There are times when this book may just be too much for you and you’ll leave it lying on the table, or the floor beside your chair. You’ll be reading along and then, suddenly, it goes somewhere you can’t follow, just like some of the wildest music I’ve ever heard – Albert Ayler makes you feel as though you’re biting on tin foil. Or, it gets too low, too dirty, too slathering around in the crack-house of where we know we could be in a heartbeat and have spent a lifetime staying away from – sometimes you go to church on Sunday, and then cabaret all day Monday. I’ve heard music, after the crowd left, and the door was locked, but I couldn’t get off my stool and leave – music that made me believe that spot was the only real home I would ever have. And there’s the sound that melts you off your chair and you lay there in a puddle until you evaporate and you have no choice but to hang your tears out to dry.

Or, well, maybe you want to read this novel; listen to music while you do it. I’ll be doing it again and probably again – jazz is like that. And, so is Doyle’s writing.

I’ll close with one of my favorite passages that takes place in the recording studio:

The door to my left opened – there was no one behind the double-paned partition now; the engineer’s bald head was gone – and a man in a very loose suit looked in at us.

– That was great guys, he said. – The third take sent me. It’s the one.

– I don’t think so, Mister Wickemeyer, said Lewis.

– Sounded fine to me, Pops, said Wickemeyer.
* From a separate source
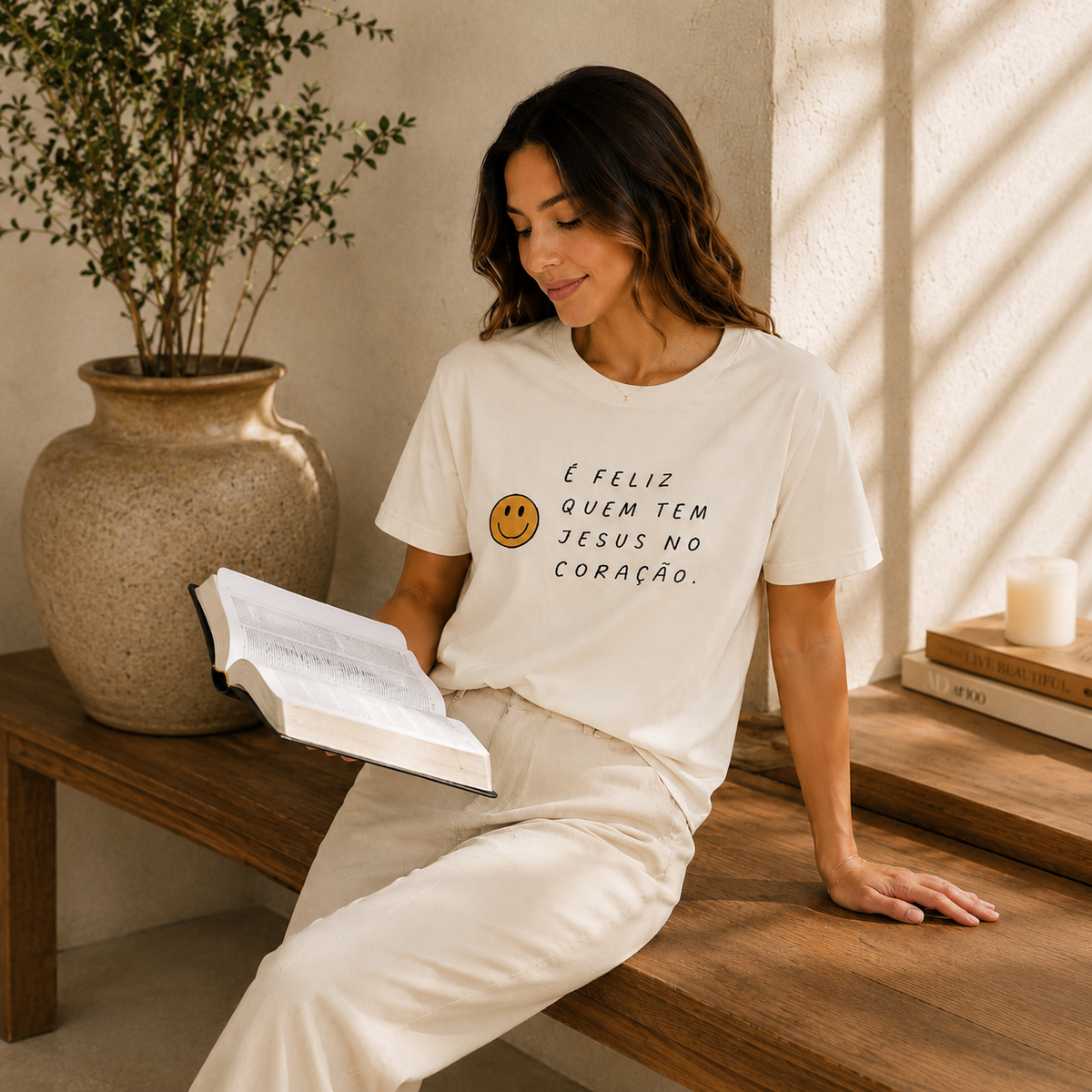 Camiseta Feminina Off White Jesus no Coração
– I’d like another take, said Louis. – Fine can always be better.

– Come on now, Pops –

– You heard the man.

That was me talking and it was the first think I’d said since I’d come in and taken my Corner.

Wickemeyer looked at me. So did the other men; they didn’t know me. (They never would.)

– Who are you?

There was no aggression in the voice, or the pale face. He didn’t wait for me to answer.

– You with Louis?

– That right, said Louis.

– I’m with Mr. Armstrong, I said –He’d like another take and I’m inclined to agree with him.

Wickemeyer took a watch from his waistcoat pocket.

– I got the Greer Brothers Xylophone Orchestra coming in after you, he told Louis.

– How many brothers? I said.

– Two.

– I’ll talk to them.

He looked at me and he looked at his watch.

– Okay, he said. – I guess it’s not as late as I thought.

– Fine.

He was gone.

There were no smiles; there was no triumph. The other lads didn’t really know what was going on; it was all me and Louis – it was Louis. Fred Robinson climbed back up the ladder, his trombone over his head like a spear. Singleton checked his bottles. The bald engineer was back behind the glass, and Wickemeyer was standing beside him, leaning into the window.

He nodded.

And Louis put the horn to his lip and blew the opening cadenza for the fourth, fifth, sixth, seventh Time, before he was happy with it. He blew, and it was all new again, the most difficult music anyone had ever played, easy and surprising all over again. And, as the other five men joined him, still playing, still inventing, he looked my way and winked.

I was there, in that corner, in that studio. The most famous trumpet solo in jazz history was

played by Louis Armstrong but it was brought to you by Henry Smart.